*Problem to work on:* Using the data below, return the stretch from the line that contains "Two people are" through the line that contains "A PAIR OF CONTINENTAL", both included, exactly as it stands and nothing beyond it.

START Provided records

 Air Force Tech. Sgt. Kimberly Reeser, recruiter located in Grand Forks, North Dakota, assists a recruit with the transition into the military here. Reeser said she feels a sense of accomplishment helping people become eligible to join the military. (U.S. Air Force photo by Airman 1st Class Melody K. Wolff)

END Provided records
START Provided records

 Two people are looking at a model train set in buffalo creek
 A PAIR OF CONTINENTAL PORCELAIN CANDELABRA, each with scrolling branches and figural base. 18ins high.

END Provided records
START Provided records

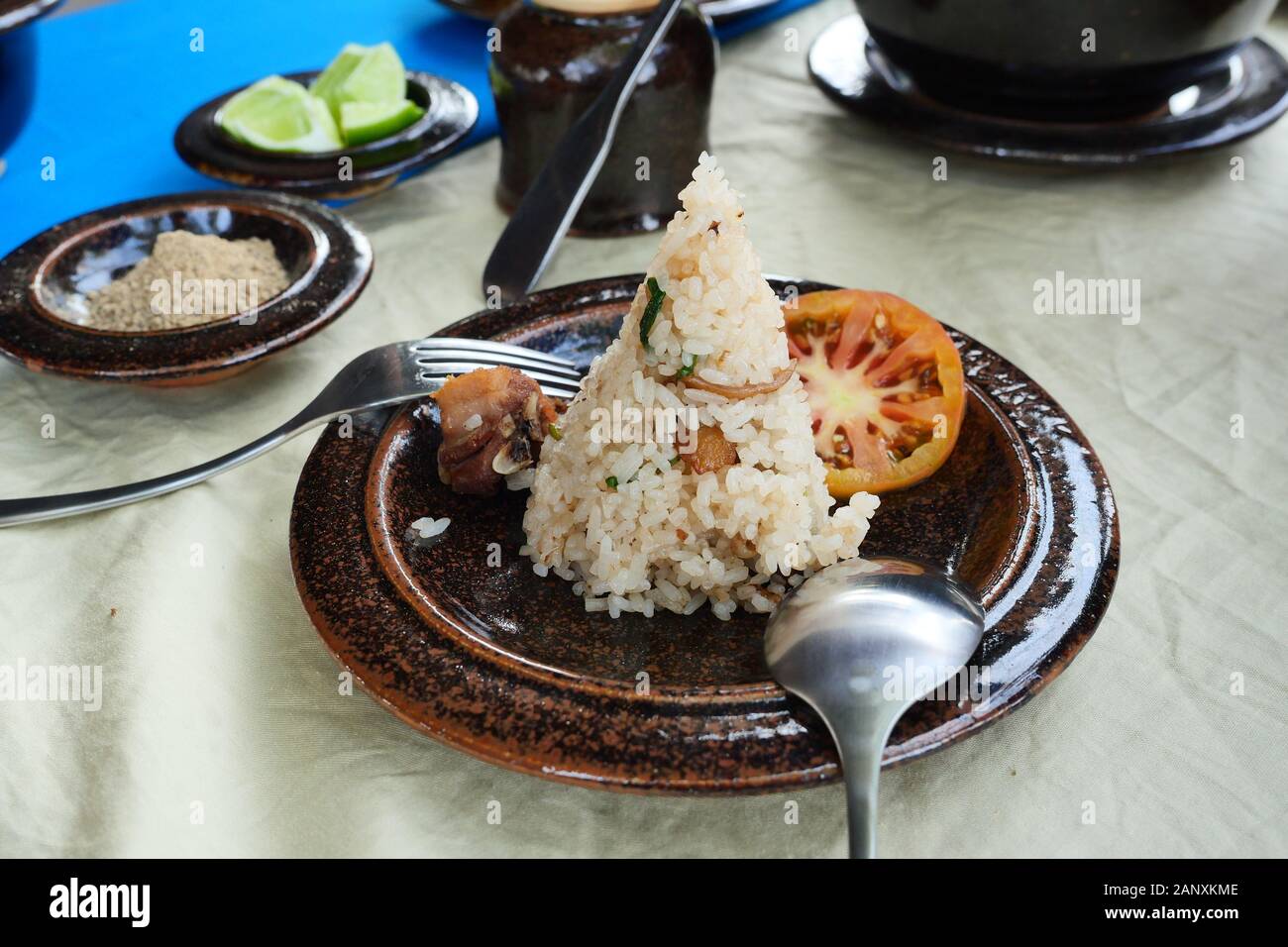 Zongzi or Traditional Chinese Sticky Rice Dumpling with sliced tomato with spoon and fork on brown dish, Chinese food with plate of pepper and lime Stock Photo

END Provided records

*Response area:*
 Two people are looking at a model train set in buffalo creek
 A PAIR OF CONTINENTAL PORCELAIN CANDELABRA, each with scrolling branches and figural base. 18ins high.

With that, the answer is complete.